Barlow Twins : Self-Supervised Learning via Redundancy Reduction
Contents
- Abstract
- Method
- Description of Barlow Twins
- Implementation Details
0. Abstract
Issue in SSL : existence of trivial constant solutions
Solution : propose a new objective function
Barlow Twins
- Proposed objective function :
- avoids collapse by measuring the cross-correlation matrix between the outputs of two identical networks fed with distorted versions of a sample
- does not require large batches
- does not require other etc …
- asymmetry between the network twins such as a predictor network, gradient stopping, or a moving average on the weight updates
1. Method
(1) Description of Barlow Twins
produces two distorted views ( via data augmentations \(\mathcal{T}\) )

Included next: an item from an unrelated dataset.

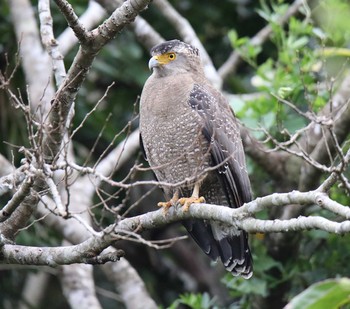 Crested Serpent Eagle Ishigaki Island Mon, 12/30/2019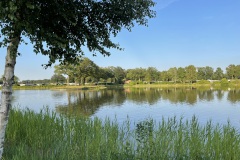 IMG_6998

- distorted views \(Y^A\) and \(Y^B\)
Feed two views to \(f_\theta\)
-
produces embeddings \(Z^A\) and \(Z^B\)
( mean centered along the batch dimension )
Innovative loss function \(\mathcal{L}_{\mathcal{B} \mathcal{T}}\) :
\(\mathcal{L}_{\mathcal{B} \mathcal{T}} \triangleq \underbrace{\sum_i\left(1-\mathcal{C}_{i i}\right)^2}_{\text {invariance term }}+\lambda \underbrace{\sum_i \sum_{j \neq i} \mathcal{C}_{i j}^2}_{\text {redundancy reduction term }}\).

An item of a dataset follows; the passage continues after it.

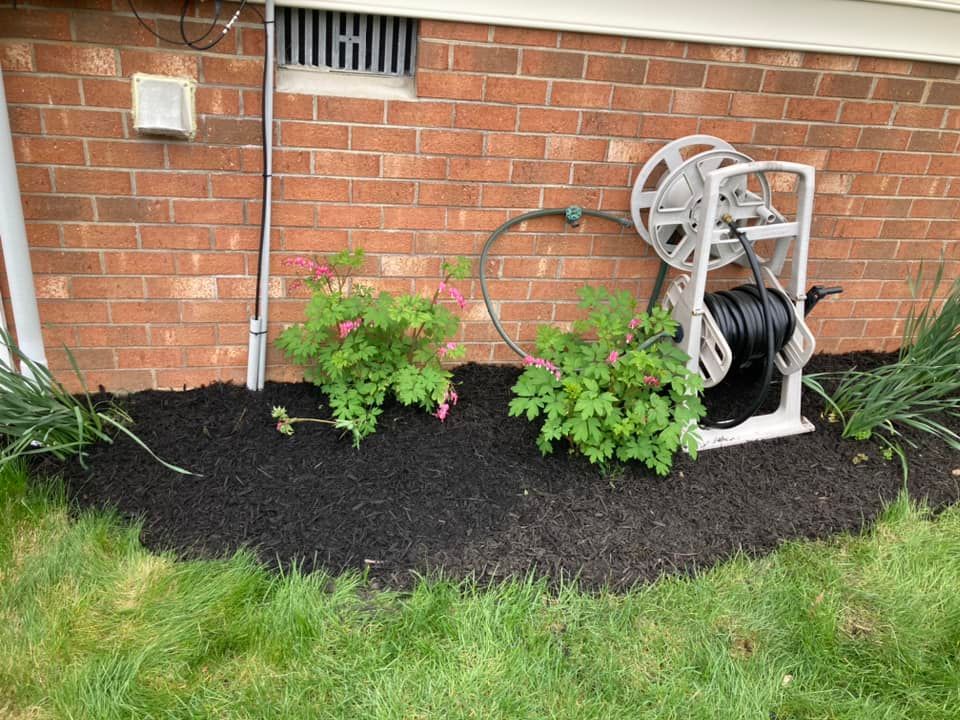 Brick wall with black mulch, two green plants, and a hose reel. Green grass in foreground.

- \(\mathcal{C}\) :cross-correlation matrix,
- between the outputs of the two identical networks along the batch dimension
- \(\mathcal{C}_{i j} \triangleq \frac{\sum_b z_{b, i}^A z_{b, j}^B}{\sqrt{\sum_b\left(z_{b, i}^A\right)^2} \sqrt{\sum_b\left(z_{b, j}^B\right)^2}}\).
- (loss term 1) invariance term
- encourage diagonal term to be 1
- (loss term 2) redundancy reduction term
- encourage the off-diagonal term to be close to zero